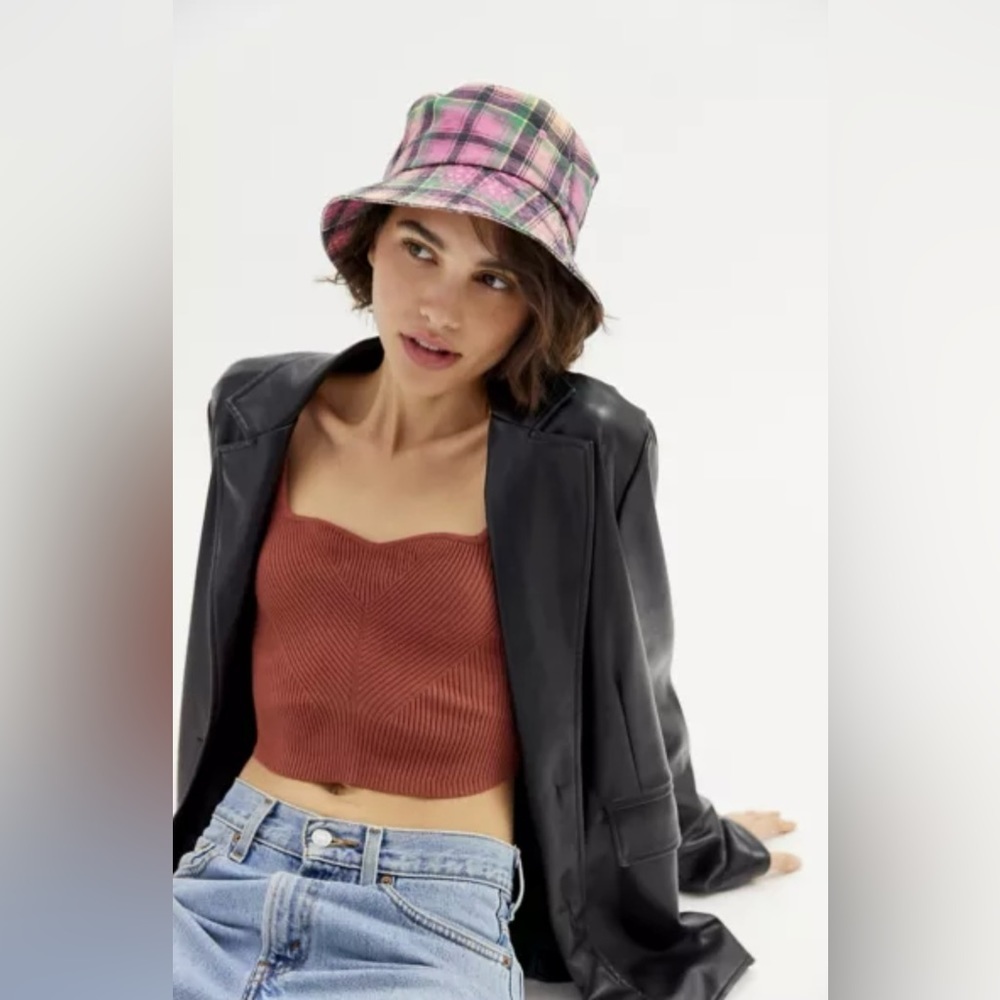 Urban Outfitters UO Billy Printed Canvas Bucket Hat in Pink Combo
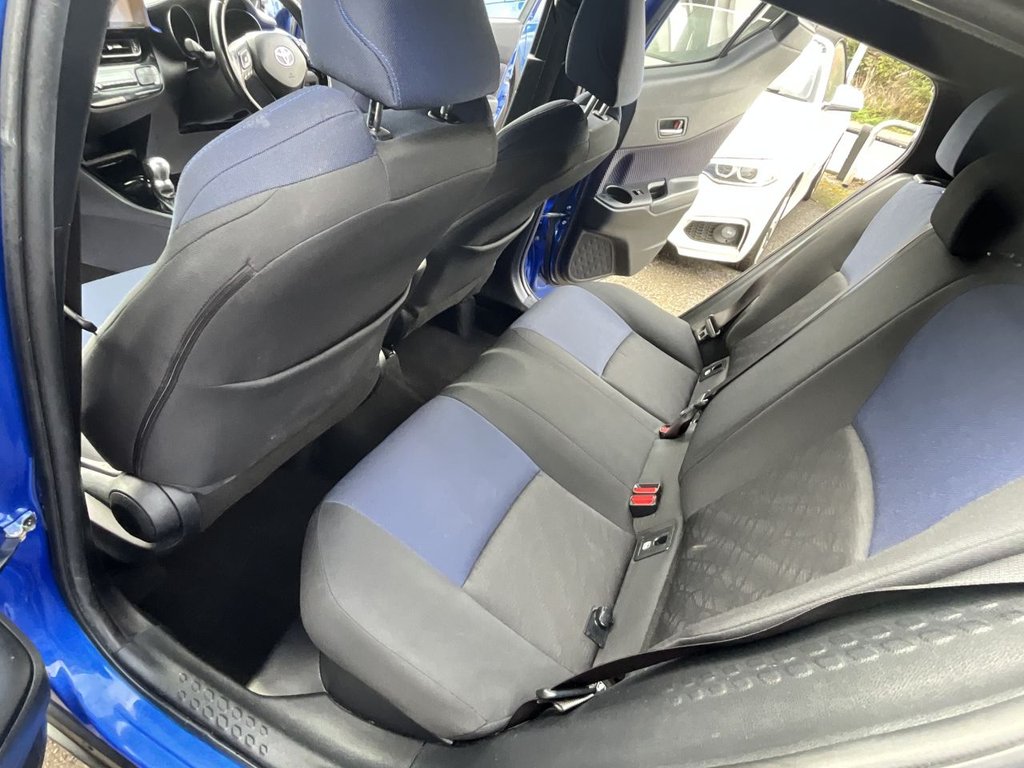 Used Toyota C-HR 2017 for sale - 76234372: Photo 15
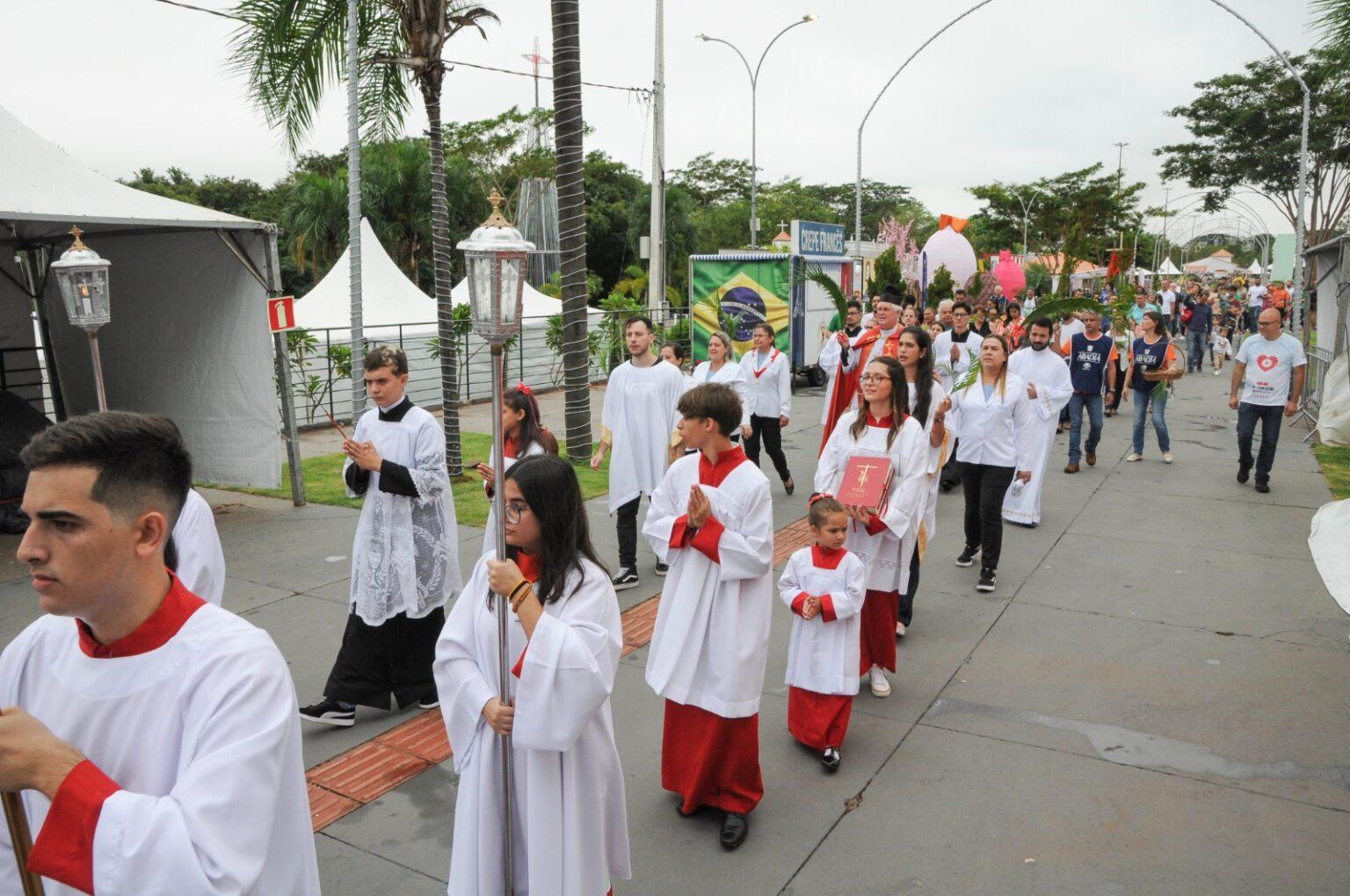 Domingo de Ramos é celebrado com procissão e missa em Campo Grande.
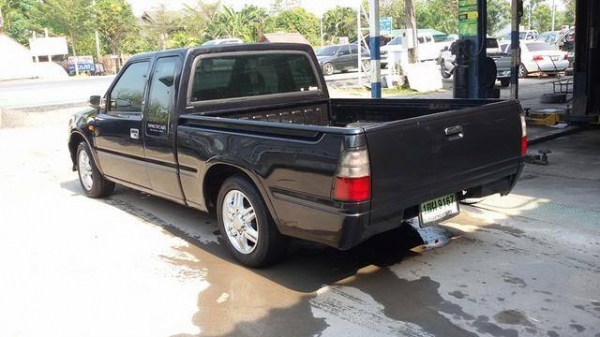 ขาย อีซูซุ ดราก้อน ปี2002เครื่อง 3.0 พวงมาลัยพาวเวอ กระจกไฟฟ้า ราคา159000 สนใจโทร 0805669540 - 0866668500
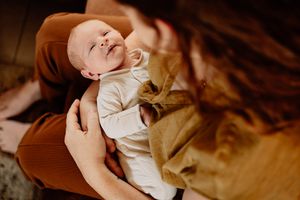 Newborn lifestyle fotografie in Terneuzen, Zeeland, Oost-Vlaanderen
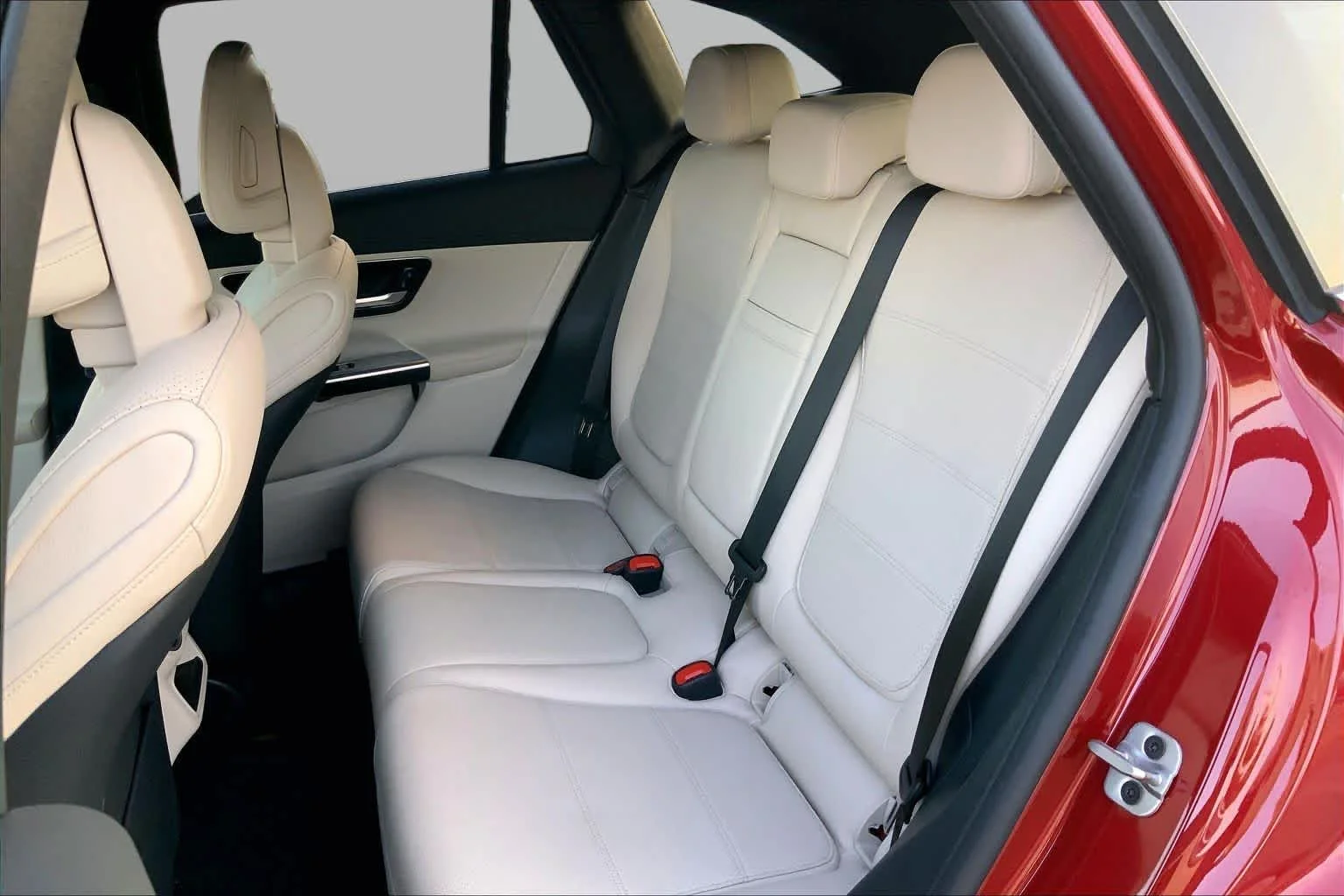 Used 2024 MANUFAKTUR Patagonia Red Metallic Mercedes-Benz GLC 300 image 20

§ REQUIRED ACTION
Would you reproduce the records exactly as they stand, but without the pictures?

§ WRITTEN REPLY
 Urban Outfitters UO Billy Printed Canvas Bucket Hat in Pink Combo
 Used Toyota C-HR 2017 for sale - 76234372: Photo 15
 Domingo de Ramos é celebrado com procissão e missa em Campo Grande.
 ขาย อีซูซุ ดราก้อน ปี2002เครื่อง 3.0 พวงมาลัยพาวเวอ กระจกไฟฟ้า ราคา159000 สนใจโทร 0805669540 - 0866668500
 Newborn lifestyle fotografie in Terneuzen, Zeeland, Oost-Vlaanderen
 Used 2024 MANUFAKTUR Patagonia Red Metallic Mercedes-Benz GLC 300 image 20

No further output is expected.